◆ WHAT THE TASK ASKS:
Reproduce the line that holds "Youthful flying Eiskunstlauf" together with all the lines after it up to the end of the entries.

◆ DATASET RECORDS:
Segment Open

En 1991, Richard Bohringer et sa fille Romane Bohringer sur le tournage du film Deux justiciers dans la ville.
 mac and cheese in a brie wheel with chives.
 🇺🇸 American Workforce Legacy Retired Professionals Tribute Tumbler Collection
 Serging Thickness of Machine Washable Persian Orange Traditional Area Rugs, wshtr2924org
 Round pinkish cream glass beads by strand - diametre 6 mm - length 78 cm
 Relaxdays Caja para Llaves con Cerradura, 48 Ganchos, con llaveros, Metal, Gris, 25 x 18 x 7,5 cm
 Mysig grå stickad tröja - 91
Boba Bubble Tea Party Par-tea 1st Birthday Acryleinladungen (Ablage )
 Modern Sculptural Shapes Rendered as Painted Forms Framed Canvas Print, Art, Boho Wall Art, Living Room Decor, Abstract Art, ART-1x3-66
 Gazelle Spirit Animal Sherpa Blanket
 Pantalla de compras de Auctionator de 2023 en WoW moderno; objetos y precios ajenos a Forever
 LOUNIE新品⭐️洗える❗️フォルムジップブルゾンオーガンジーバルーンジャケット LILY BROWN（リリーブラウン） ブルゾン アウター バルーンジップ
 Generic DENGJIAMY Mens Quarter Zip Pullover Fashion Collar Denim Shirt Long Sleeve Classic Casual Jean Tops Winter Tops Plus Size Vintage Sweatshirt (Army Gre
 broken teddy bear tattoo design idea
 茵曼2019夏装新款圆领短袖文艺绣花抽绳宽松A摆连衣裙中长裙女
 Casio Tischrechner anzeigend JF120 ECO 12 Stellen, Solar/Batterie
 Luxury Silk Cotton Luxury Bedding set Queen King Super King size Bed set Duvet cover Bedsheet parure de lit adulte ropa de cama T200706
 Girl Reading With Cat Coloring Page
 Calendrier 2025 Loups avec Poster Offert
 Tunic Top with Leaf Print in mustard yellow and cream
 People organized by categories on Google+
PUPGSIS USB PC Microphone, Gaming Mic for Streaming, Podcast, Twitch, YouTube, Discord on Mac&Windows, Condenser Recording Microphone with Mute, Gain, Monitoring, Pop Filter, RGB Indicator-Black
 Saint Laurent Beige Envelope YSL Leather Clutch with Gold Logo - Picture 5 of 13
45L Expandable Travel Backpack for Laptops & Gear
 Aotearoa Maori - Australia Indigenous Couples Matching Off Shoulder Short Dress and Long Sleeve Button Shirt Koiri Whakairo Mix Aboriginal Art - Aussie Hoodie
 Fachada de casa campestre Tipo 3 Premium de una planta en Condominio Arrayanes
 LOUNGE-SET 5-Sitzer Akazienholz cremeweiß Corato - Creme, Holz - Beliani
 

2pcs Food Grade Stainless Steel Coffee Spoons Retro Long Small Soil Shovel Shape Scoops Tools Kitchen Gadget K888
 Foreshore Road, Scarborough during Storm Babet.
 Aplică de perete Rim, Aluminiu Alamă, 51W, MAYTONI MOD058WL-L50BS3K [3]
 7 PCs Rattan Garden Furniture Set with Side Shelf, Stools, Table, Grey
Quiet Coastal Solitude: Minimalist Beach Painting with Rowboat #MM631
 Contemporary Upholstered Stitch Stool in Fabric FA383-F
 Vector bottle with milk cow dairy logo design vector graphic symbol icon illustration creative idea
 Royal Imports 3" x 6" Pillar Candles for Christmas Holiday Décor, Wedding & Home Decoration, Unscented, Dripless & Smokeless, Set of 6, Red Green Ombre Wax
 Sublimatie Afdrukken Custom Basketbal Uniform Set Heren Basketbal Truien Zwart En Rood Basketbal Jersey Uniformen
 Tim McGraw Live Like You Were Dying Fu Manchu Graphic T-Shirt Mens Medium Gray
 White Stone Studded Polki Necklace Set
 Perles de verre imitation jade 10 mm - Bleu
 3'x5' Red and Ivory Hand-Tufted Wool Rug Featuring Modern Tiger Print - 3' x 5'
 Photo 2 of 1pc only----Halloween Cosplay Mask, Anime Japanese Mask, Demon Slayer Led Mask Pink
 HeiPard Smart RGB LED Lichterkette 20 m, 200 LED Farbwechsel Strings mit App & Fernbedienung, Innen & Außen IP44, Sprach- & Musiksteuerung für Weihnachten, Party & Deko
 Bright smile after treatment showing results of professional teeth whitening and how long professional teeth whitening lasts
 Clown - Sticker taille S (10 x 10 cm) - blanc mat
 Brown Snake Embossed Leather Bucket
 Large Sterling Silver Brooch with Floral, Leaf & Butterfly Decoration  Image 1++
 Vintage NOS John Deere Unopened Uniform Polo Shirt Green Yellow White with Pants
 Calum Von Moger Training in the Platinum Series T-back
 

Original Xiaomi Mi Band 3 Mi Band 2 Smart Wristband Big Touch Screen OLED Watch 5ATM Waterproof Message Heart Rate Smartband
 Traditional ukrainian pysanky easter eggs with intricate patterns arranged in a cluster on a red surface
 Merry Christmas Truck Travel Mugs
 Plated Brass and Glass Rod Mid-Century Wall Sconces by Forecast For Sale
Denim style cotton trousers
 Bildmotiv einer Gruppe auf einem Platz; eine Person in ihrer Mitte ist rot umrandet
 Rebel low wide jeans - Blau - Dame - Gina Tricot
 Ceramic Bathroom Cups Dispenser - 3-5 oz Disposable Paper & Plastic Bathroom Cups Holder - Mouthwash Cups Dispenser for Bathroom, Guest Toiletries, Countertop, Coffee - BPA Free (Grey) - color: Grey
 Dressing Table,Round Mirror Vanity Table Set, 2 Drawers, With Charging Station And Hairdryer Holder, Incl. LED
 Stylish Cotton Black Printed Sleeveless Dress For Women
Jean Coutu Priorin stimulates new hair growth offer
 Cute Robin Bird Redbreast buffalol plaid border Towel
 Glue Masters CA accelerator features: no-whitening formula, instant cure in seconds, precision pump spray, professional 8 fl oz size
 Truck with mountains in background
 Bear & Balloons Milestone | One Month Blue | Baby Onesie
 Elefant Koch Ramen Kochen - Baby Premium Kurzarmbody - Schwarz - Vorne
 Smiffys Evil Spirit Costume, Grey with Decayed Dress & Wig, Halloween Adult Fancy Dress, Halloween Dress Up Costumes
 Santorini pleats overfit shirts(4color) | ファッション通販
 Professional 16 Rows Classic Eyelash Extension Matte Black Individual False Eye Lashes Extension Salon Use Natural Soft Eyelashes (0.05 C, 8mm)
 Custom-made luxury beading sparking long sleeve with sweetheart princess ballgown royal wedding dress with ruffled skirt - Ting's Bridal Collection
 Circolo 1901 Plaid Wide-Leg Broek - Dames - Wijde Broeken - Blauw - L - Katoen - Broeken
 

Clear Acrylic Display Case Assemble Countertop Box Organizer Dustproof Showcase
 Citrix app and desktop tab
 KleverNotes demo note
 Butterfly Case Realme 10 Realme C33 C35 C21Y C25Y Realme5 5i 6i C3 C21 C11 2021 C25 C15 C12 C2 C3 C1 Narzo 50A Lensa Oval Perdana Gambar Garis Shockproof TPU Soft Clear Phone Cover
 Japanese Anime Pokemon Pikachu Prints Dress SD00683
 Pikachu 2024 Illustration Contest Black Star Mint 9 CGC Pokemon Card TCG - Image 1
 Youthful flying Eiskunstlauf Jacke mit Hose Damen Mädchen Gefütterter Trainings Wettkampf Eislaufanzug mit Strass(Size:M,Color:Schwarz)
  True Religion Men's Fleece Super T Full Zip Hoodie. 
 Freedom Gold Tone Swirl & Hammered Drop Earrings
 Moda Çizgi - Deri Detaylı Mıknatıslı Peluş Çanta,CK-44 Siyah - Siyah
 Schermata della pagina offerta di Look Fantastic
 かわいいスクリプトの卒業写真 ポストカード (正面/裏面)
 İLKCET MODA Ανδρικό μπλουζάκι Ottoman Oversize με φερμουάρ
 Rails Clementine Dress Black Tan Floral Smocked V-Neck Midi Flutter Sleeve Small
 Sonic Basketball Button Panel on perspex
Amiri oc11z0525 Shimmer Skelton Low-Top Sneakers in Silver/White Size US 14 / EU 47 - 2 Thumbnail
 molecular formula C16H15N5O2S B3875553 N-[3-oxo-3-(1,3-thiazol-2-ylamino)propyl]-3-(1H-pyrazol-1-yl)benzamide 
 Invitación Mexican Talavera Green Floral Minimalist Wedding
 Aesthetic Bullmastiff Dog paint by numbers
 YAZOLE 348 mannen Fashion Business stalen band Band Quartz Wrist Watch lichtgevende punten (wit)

Segment Closed

◆ RESPONSE BOX:
 Youthful flying Eiskunstlauf Jacke mit Hose Damen Mädchen Gefütterter Trainings Wettkampf Eislaufanzug mit Strass(Size:M,Color:Schwarz)
  True Religion Men's Fleece Super T Full Zip Hoodie. 
 Freedom Gold Tone Swirl & Hammered Drop Earrings
 Moda Çizgi - Deri Detaylı Mıknatıslı Peluş Çanta,CK-44 Siyah - Siyah
 Schermata della pagina offerta di Look Fantastic
 かわいいスクリプトの卒業写真 ポストカード (正面/裏面)
 İLKCET MODA Ανδρικό μπλουζάκι Ottoman Oversize με φερμουάρ
 Rails Clementine Dress Black Tan Floral Smocked V-Neck Midi Flutter Sleeve Small
 Sonic Basketball Button Panel on perspex
Amiri oc11z0525 Shimmer Skelton Low-Top Sneakers in Silver/White Size US 14 / EU 47 - 2 Thumbnail
 molecular formula C16H15N5O2S B3875553 N-[3-oxo-3-(1,3-thiazol-2-ylamino)propyl]-3-(1H-pyrazol-1-yl)benzamide 
 Invitación Mexican Talavera Green Floral Minimalist Wedding
 Aesthetic Bullmastiff Dog paint by numbers
 YAZOLE 348 mannen Fashion Business stalen band Band Quartz Wrist Watch lichtgevende punten (wit)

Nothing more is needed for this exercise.